Description

Class:

jwst.reset.ResetStep

Alias:

reset

The reset correction is a MIRI step that attempts to correct for the reset anomaly effect. This effect is caused by the non-ideal behavior of the FET upon resetting in the dark causing the initial frames in an integration to be offset from their expected values. Another MIRI effect caused by resetting the detectors is the RSCD effect (see rscd).

Assumptions

The reset correction is a MIRI-specific correction. It will not be applied to data from other instruments.

Background

For MIRI exposures, the initial groups in each integration suffer from two effects related to the resetting of the detectors. The first effect is that the first few groups after a reset do not fall on the expected linear accumulation of signal. The most significant deviations occur in groups 1 and 2. This behavior is relatively uniform detector-wide. The second effect, on the other hand, is the appearance of significant extra spatial structure in these initial groups, before fading out in later groups.

The reset anomaly effect fades out by ~group 15 for full array data. It takes a few more groups for the effect to fade away on subarray data. The time constant of the effect seems to be closely related to the group number and not time since reset.

For multiple integration data, the reset anomaly also varies in amplitude for the first few integrations before settling down to a relatively constant correction for integrations greater than the second integration for full array data. Because of the shorter readout time, the subarray data requires a few more integrations before the effect is relatively stable from integration to integration.

Algorithm

The reset correction step applies the reset reference file. The reset reference file contains an integration dependent correction for the first N groups, where N is defined by the reset correction reference file.

The format of the reset reference file is NCols X NRows X NGroups X NInts. For full frame data, the current implementation uses a reset anomaly reference file, which contains a correction for the first 15 groups for all integrations. The reference file contains two corrections: one for the first integration and a second one for all other integrations. The correction was determined so that the correction is forced to be zero on group 15. For each integration in the input science data, the reset corrections are subtracted, group-by-group, integration-by- integration. If the input science data contains more groups than the reset correction, then correction for those groups is zero. If the input science data contains more integrations than the reset correction then the correction corresponding to the last integration in the reset file is used.

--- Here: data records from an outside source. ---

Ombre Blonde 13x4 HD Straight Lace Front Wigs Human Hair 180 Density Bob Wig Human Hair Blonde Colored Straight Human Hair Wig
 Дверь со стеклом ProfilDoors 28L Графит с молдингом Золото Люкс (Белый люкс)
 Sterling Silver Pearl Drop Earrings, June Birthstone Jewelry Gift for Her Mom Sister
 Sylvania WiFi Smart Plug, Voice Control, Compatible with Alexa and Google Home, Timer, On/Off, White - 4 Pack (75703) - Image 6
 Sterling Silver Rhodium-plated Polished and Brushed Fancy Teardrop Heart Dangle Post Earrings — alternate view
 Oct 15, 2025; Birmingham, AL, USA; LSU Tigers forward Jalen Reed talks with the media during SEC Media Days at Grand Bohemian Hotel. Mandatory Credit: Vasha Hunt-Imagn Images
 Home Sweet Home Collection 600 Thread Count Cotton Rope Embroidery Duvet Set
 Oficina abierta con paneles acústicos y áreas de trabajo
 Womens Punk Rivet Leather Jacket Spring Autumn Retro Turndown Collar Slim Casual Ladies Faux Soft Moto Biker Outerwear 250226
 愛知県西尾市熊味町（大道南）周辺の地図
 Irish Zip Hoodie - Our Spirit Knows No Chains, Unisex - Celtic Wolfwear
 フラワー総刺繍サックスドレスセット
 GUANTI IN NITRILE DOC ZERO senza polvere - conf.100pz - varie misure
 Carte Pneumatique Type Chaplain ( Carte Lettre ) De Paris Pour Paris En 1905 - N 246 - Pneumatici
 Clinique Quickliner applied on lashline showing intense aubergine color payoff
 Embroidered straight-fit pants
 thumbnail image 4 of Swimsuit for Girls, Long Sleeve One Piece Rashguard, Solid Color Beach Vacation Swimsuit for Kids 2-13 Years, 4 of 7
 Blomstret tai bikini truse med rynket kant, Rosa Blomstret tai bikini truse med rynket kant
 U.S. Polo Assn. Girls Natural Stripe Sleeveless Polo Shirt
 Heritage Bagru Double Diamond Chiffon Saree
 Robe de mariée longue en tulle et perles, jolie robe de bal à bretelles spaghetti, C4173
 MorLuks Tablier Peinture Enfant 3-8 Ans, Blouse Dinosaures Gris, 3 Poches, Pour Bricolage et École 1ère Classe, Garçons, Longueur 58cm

There is a single, NCols X NRowss, DQ flag image for all the integrations. The reset DQ flag array are combined with the science PIXELDQ array using numpy’s bitwise_or function. The ERR arrays of the science data are currently not modified at all.

Subarrays

The reset correction is subarray-dependent, therefore this step makes no attempt to extract subarrays from the reset reference file to match input subarrays. It instead relies on the presence of matching subarray reset reference files in the CRDS. In addition, the number of NGROUPS and NINTS for subarray data varies from the full array data as well as from each other.